(Jakarta) L’Indonésie, débordée par une flambée meurtrière sans précédent liée au variant Delta, avec un record de 728 morts en 24 heures, a appelé à l’aide mardi les pays de la région pour approvisionner d’urgence ses hôpitaux en oxygène, au bord de l’effondrement.

Le pays le plus touché d’Asie du Sud-Est a importé de l’oxygène de Singapour pour ses patients en détresse respiratoire, mais cela risque de ne pas être suffisant, alors que le nombre de cas pourrait grimper à plus de 50 000 par jour, a annoncé mardi le gouvernement indonésien.

Les hôpitaux de la capitale Jakarta, durement touchée, affichaient un taux d’occupation de plus de 90 %.  

Incapables de faire face à l’énorme afflux de malades, une douzaine d’hôpitaux de la deuxième ville d’Indonésie, Surabaya, ont dû refuser de nouveaux patients, obligeant des familles désespérées à chercher des bouteilles d’oxygène pour soigner les malades et les mourants à domicile.

Une porte-parole de l’hôpital de Surabaya a fait état d’unités de soins intensifs surchargées et de médecins épuisés.  

« L’hôpital n’a plus de chambres pour les patients qui ont besoin d’appareils respiratoires. Les chambres des unités de soins intensifs sont pleines elles aussi », a déclaré cette responsable sous couvert d’anonymat.  

« Nous sommes débordés. Beaucoup de nos personnels de santé craquent d’épuisement et certains sont également infectés. Nous essayons de trouver des volontaires pour nous aider », a-t-elle ajouté.  

Près de 1000 travailleurs médicaux indonésiens sont morts de la COVID-19, dont plus d’une douzaine qui étaient déjà vaccinés à 100 %, selon l’association médicale indonésienne.

« Scénario du pire »

Dans les grandes villes, des milliers de soldats et de policiers tentent de faire appliquer les nouvelles mesures drastiques contre le virus, espérant voir baisser le nombre record de cas quotidiens.

Le quatrième pays le plus peuplé du monde, avec près de 270 millions d’habitants, a vu son nombre de cas quotidiens plus que quadrupler en moins d’un mois, avec 31 189 nouvelles infections et 728 décès enregistrés mardi au cours des dernières 24 heures.  

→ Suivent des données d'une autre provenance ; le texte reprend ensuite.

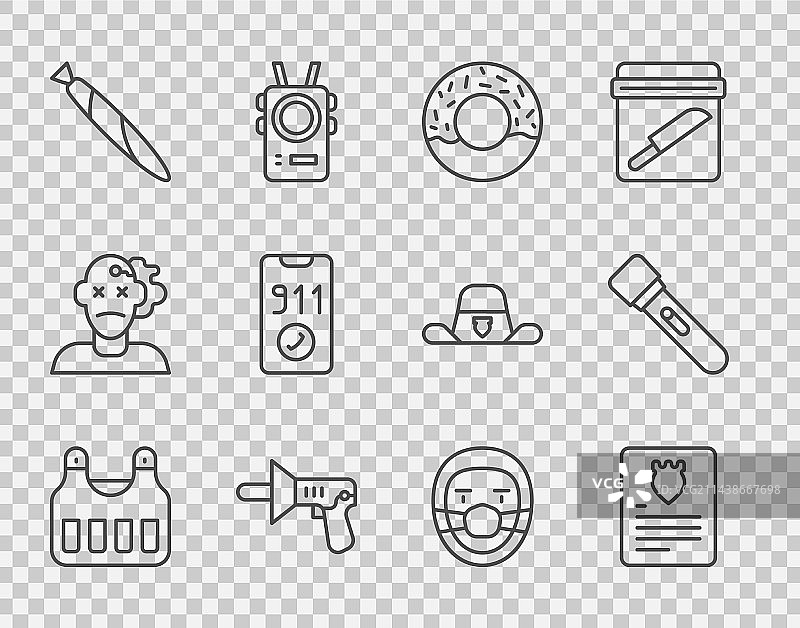 防弹背心、逮捕令等线条icon图片素材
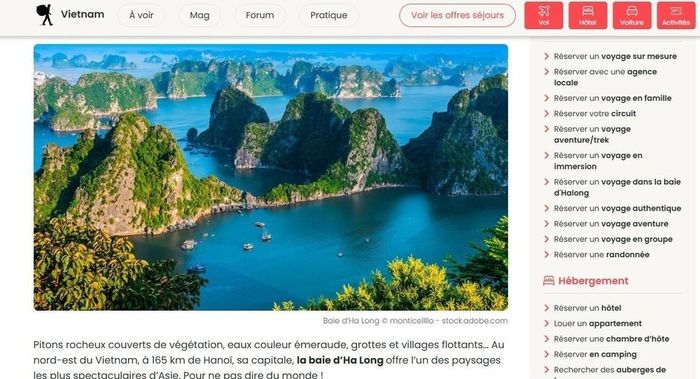 Bài viết của routard.com đánh giá vịnh Hạ Long của Việt Nam là “một trong những kỳ quan đẹp nhất thế giới” mà mỗi người nên đến chiêm ngưỡng ít nhất một lần trong đời. Ảnh: TTXVN phát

Rien qu’à Jakarta, le nombre d’enterrements quotidiens de COVID-19 a été multiplié par 10 depuis le mois de mai, et les employés des cimetières, épuisés, se démènent pour faire face à la situation.

Mardi, le gouvernement a annoncé qu’environ 10 000 concentrateurs d’oxygène - des appareils destinés aux personnes souffrant d’insuffisance respiratoire - devaient être expédiés de Singapour, certains étant arrivés plus tôt par un avion cargo Hercules.

Jakarta est également en pourparlers avec d’autres pays, dont la Chine, pour obtenir de l’aide, a précisé Luhut Binsar Pandjaitan, un membre du gouvernement. « Nous commanderons de l’oxygène à d’autres pays si nous avons le sentiment que les réserves sont insuffisantes. »

Lundi, les autorités avaient ordonné que toutes les réserves d’oxygène disponibles soient envoyées dans les hôpitaux.  

Le ministre Luhut Binsar Pandjaitan a mis en garde contre le « scénario du pire » dans lequel le nombre quotidien de nouvelles contaminations atteindrait les « 50 000, voire 60 000 à 70 000 cas par jour ».

« Mais nous espérons que cela n’arrivera pas ».  

5 % de vaccinés

Les bureaux, les mosquées, les parcs, les centres commerciaux et les restaurants ont été fermés dans toute l’île de Java en vertu des nouvelles mesures de restriction édictées ce week-end.  

Mais les infractions ont été nombreuses. Les autorités de la ville de Semarang, à Java, ont tiré au jet d’eau sur les magasins qui refusaient d’obtempérer.  

Le maire de Surabaya a même ordonné que les contrevenants à la réglementation se voient obligés de visiter le cimetière local, tandis qu’à Malang, certains habitants se sont déguisés en fantômes dans l’espoir d’effrayer les réfractaires, dans un pays où les croyances surnaturelles sont très répandues.

Au total, officiellement, 2,3 millions de personnes ont été contaminées en Indonésie par le coronavirus qui a fait 61 686 morts. Les experts pensent que ces chiffres sont largement en dessous de la réalité, en raison du nombre insuffisant de tests, et du manque de traçage des cas.

L’Indonésie s’est fixé pour objectif de vacciner plus de 180 millions de personnes d’ici le début de l’année prochaine. Mais à ce stade, seulement 5 % de la population a reçu ses deux doses.